LockWaiterCount() bravely accesses a shared memory data structure that is mutable with no locking at all. That might actually be safe for our purposes, but I think it would be better to take the partition lock in shared mode if it doesn't cost too much performance. If that's too expensive, then it should at least have a comment explaining (1) that it is doing this without the lock and (2) why that's safe (sketch: the LOCK can't go away because we hold it, and nRequested could change but we don't mind a stale value, and a 32-bit read won't be torn).
With LWLock also performance are equally good so added the lock.
A few of the other functions in here also lack comments, and perhaps should have them.
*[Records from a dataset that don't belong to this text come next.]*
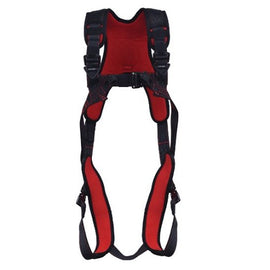 K2 2 - Point Harness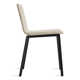 Between Us Tufted Upholstered Side Chair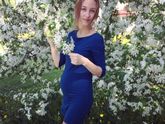 Сахарная кривая + фото (24 недели)
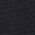 Color Swatch - Black
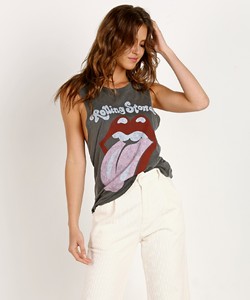 daydreamer-rolling-stones-tank-vintage-black 2.jpg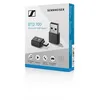 Image de Transmetteur audio Sennheiser Dongle USB Bluetooth BTD 700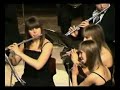 Purcell: Ária és induló Purcell: Ária és induló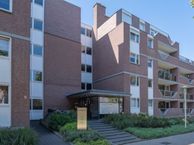 Dillegaard 202, 6417 HM Heerlen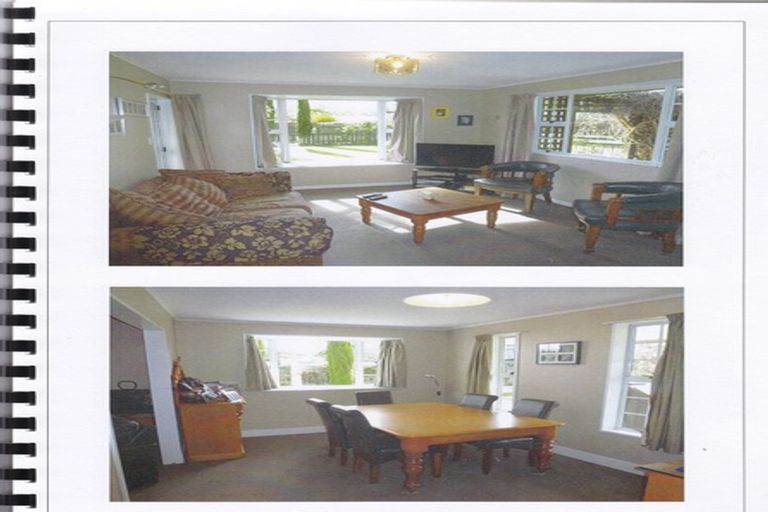 Photo of property in 2 Waldron Place, Clyde, 9330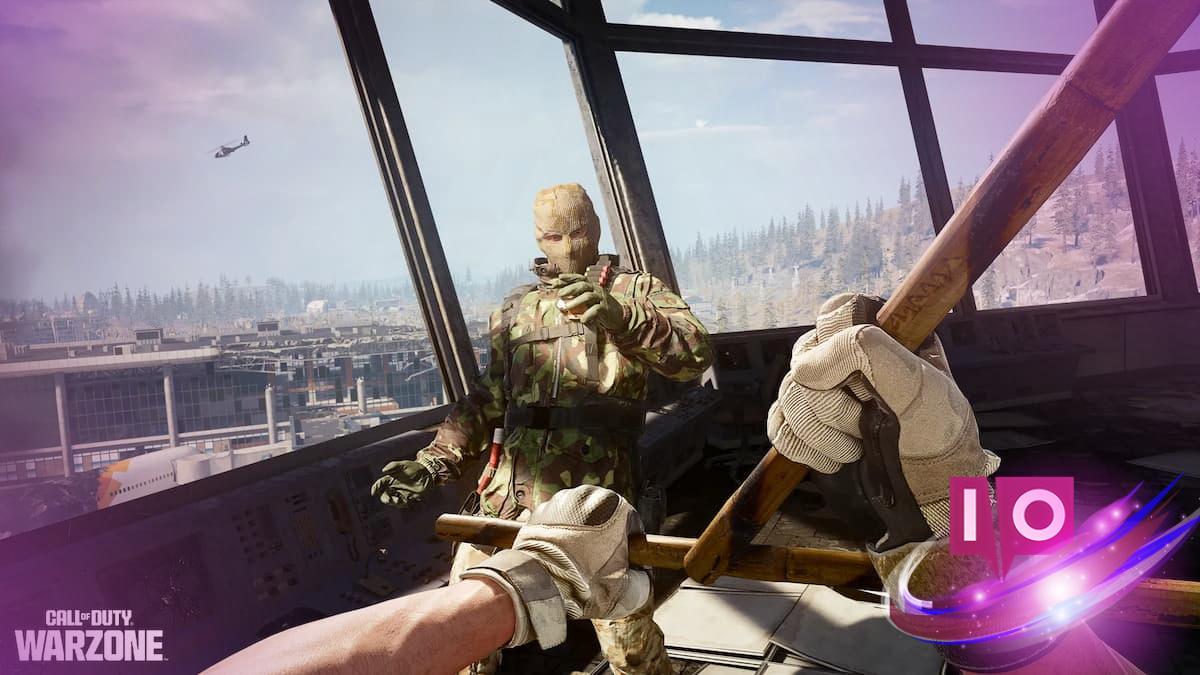 Unlock Kali Sticks in Warzone & BO6: Step-by-Step Guide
The changes to RelationGetBufferForTuple need a visit from the refactoring police. Look at the way you are calling RelationAddOneBlock. The logic looks about like this:
if (needLock) { if (trylock relation for extension) RelationAddOneBlock(); else { lock relation for extension; if (use fsm) { complicated; } else RelationAddOneBlock(); } else RelationAddOneBlock();
So basically you want to do the RelationAddOneBlock() thing if !needLock || !use_fsm || can't trylock. See if you can rearrange the code so that there's only one fallthrough call to RelationAddOneBlock() instead of three separate ones.
Actually in every case we need one blocks, So I have re factored it and RelationAddOneBlock is now out of any condition.
Also, consider moving the code that adds multiple blocks at a time to its own function instead of including it all in line.